Features

All the times Molly Weasley was scarier than a Norwegian Ridgeback

You don’t want to mess with Molly Weasley. Here’s why.

No Image
Harry Potter and the Half-Blood Prince

We doubt anyone could run The Burrow quite like Molly Weasley could – managing to keep her big family fed, clothed and yelled at in perfect succession.

To run a huge wizarding family like that required a formidable leader, and Molly was an absolute force to be reckoned with – in fact, we’re pretty sure that, at times, the Weasley brood were warier of their mother’s wrath than if they’d spent a weekend with a Norwegian Ridgeback.

Here are some of Mrs Weasley’s most terrifying moments, just in time for Hallowe’en...

When her kids disappeared suddenly in the night to pick up Harry in a secretly enchanted car

Ford Anglia leaving King's Cross station
Harry Potter and the Chamber of Secrets

Yeah… we can kind of see where Molly was coming from here. When Fred, George and Ron flew their dad’s enchanted Ford Anglia into Little Whinging, their focus was on busting Harry out of number four, Privet Drive, action-movie style. They obviously didn’t mention their slightly illegal plans to Mrs Weasley. A decision they definitely regretted later.

Mrs Weasley was marching across the yard, scattering chickens, and for a short, plump, kind-faced woman, it was remarkable how much she looked like a sabre-toothed tiger.
‘Ah,’ said Fred.
‘Oh dear,’ said George.
Mrs Weasley came to a halt in front of them, her hands on her hips, staring from one guilty face to the next. She was wearing a flowered apron with a wand sticking out of the pocket.
‘So,’ she said.
‘Morning, Mum,’ said George, in what he clearly thought was a jaunty, winning voice.
Harry Potter and the Chamber of Secrets

When Hermione used her as the perfect threat for Fred and George

No Image
Harry Potter and the Prisoner of Azkaban

Nothing worried Fred and George. They laughed in the face of danger and detention, smirked at the idea of writing lines, literally flew away from Professor Umbridge and even threw snowballs at Professor Quirrell’s turban – aka the face of Lord Voldemort.

There was perhaps only one thing that truly frightened them, and that was their mother... a weapon Hermione used to her full advantage.
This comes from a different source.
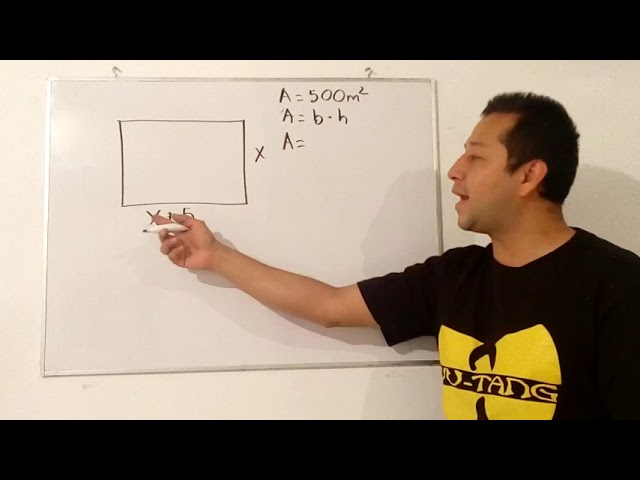 Cómo calcular el área de un terreno rectangular con una diferencia de siete metros entre su largo y ancho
‘If you don’t stop doing it, I’m going to –’
‘Put us in detention?’ said Fred, in an I’d-like-to-see-you-try-it voice.
‘Make us write lines?’ said George, smirking.
Onlookers all over the room were laughing. Hermione drew herself up to her full height; her eyes were narrowed and her bushy hair seemed to crackle with electricity.
‘No,’ she said, her voice quivering with anger, ‘but I will write to your mother.’
‘You wouldn’t,’ said George, horrified, taking a step back from her.
Harry Potter and the Order of the Phoenix

When she sent that Howler

The Howler screams at Ron over breakfast.
© JKR/Pottermore Ltd. ™ Warner Bros.

When Harry and Ron borrowed the flying Ford Anglia (again!) to get to Hogwarts, Mrs Weasley didn’t hesitate in letting them know exactly what she thought of their escapades. It turns out that Molly, combined with a Howler, was a pretty powerful thing. Who knew?
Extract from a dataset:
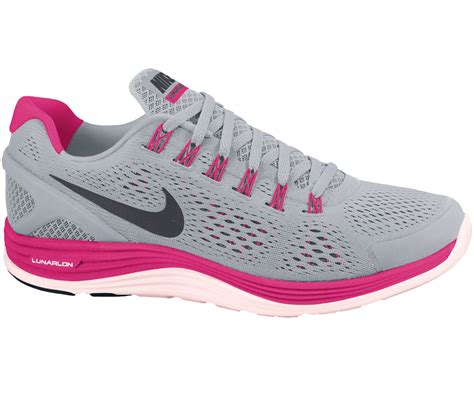 laufschuhe von nike für damen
When Molly taught her sons about proper wand use

No Image
Harry Potter and the Order of the Phoenix

When any boy comes of age, it’s always a bit of a bumpy ride. When a wizard comes of age – double it. When it’s Fred and George Weasley coming of age, throw all mathematical equations out of the window. Yes, when the twins were finally allowed to use magic, Molly had to up her battle stations.

‘FOR HEAVEN’S SAKE!’ screamed Mrs Weasley. ‘THERE WAS NO NEED – I’VE HAD ENOUGH OF THIS – JUST BECAUSE YOU’RE ALLOWED TO USE MAGIC NOW, YOU DON’T HAVE TO WHIP YOUR WANDS OUT FOR EVERY TINY LITTLE THING!’
Harry Potter and the Order of the Phoenix

When her love for Harry was as fierce as her tellings-off

No Image

Sirius Black was a fascinating and compelling character who formed a bond with Harry while clearly still mourning his father, James. In a heated moment, Molly made Sirius face the grim truth he refused to face.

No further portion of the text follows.